The filing states that Envoy Medical, Inc. entered into a material definitive agreement on October 7, 2025, but the specific details of this agreement are not provided in the excerpt.
What type of equity securities were sold by Envoy Medical, Inc. under unregistered sales?
The filing mentions "Unregistered Sales of Equity Securities" as an item, but the specific type and amount of equity securities sold are not detailed in the provided text.
What are the "Other Events" reported by Envoy Medical, Inc. in this 8-K filing?
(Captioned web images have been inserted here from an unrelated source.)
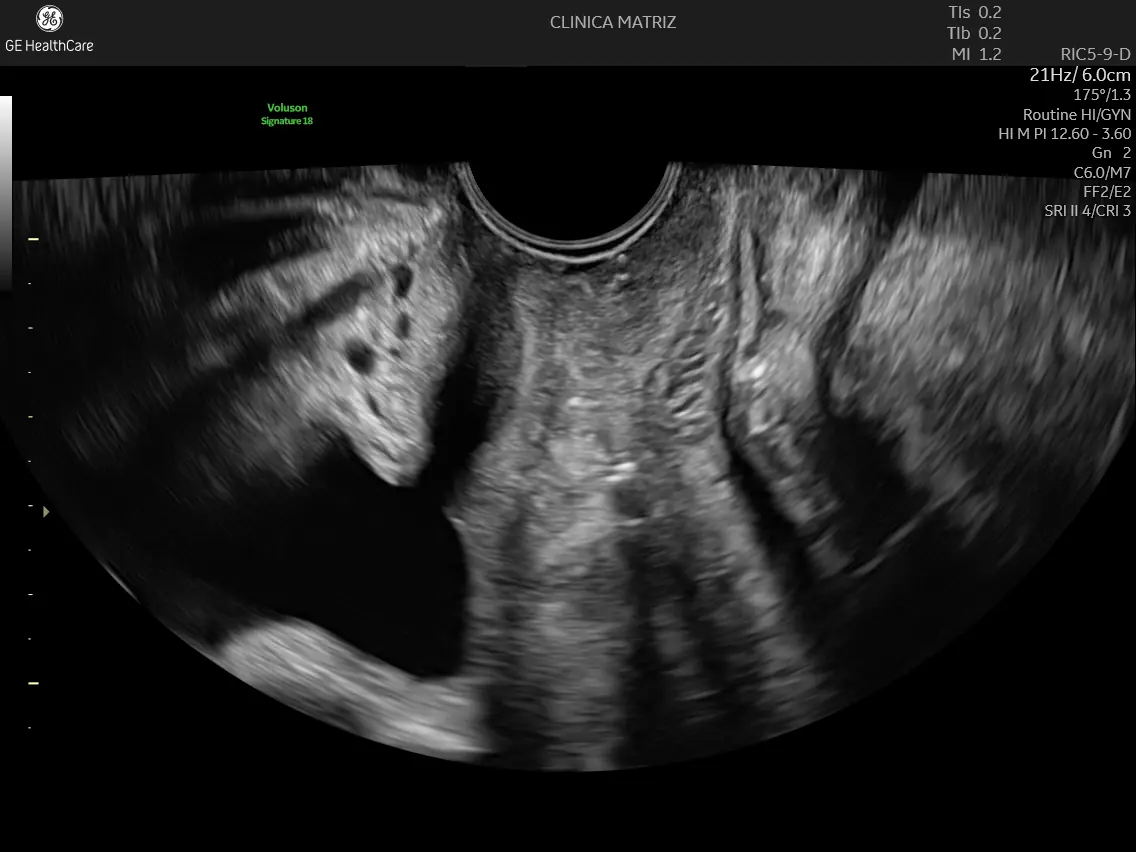 Imagem de histerossonossalpingografia visivel no ecógrafo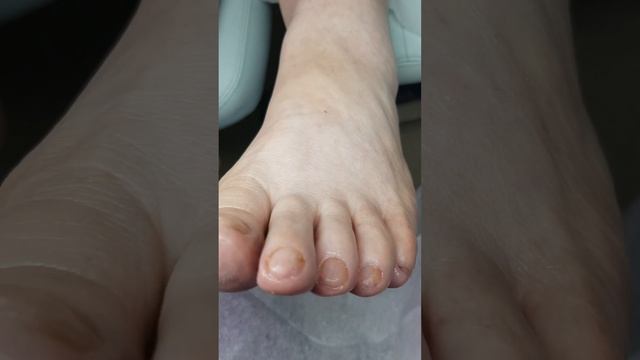 медицинский педикюр для пожилой женщины. смотреть онлайн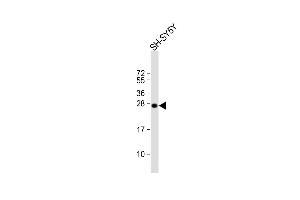 Anti-SN Antibody (Center) at 1:1000 dilution + SH-SY5Y whole cell lysate Lysates/proteins at 20 μg per lane. (SNAP25 antibody  (AA 36-63))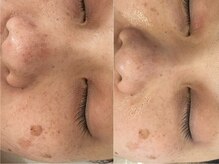 グレイティア(gratia)/韓国ララピール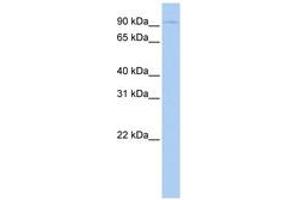 Image no. 1 for anti-Thyroid Stimulating Hormone Receptor (TSHR) (AA 180-229) antibody (ABIN6743075) (TSH receptor 抗体  (AA 180-229))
The filing lists "Other Events" as a category, but the specific events are not described in the provided excerpt.
When was Envoy Medical, Inc. incorporated, and in which jurisdiction?
Envoy Medical, Inc. is incorporated in Delaware, as stated in the filing.
What is the SIC code for Envoy Medical, Inc.?
The Standard Industrial Classification (SIC) code for Envoy Medical, Inc. is 3842, which corresponds to 'ORTHOPEDIC, PROSTHETIC & SURGICAL APPLIANCES & SUPPLIES'.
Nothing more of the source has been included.